__Action item__
All lines below are to be output exactly as they stand.

__Data below__
╔══
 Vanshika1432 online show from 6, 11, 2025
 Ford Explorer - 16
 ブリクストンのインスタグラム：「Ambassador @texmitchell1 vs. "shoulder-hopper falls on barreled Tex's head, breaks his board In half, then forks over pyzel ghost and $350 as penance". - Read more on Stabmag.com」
╚══
__Response to the exercise__
 Vanshika1432 online show from 6, 11, 2025
 Ford Explorer - 16
 ブリクストンのインスタグラム：「Ambassador @texmitchell1 vs. "shoulder-hopper falls on barreled Tex's head, breaks his board In half, then forks over pyzel ghost and $350 as penance". - Read more on Stabmag.com」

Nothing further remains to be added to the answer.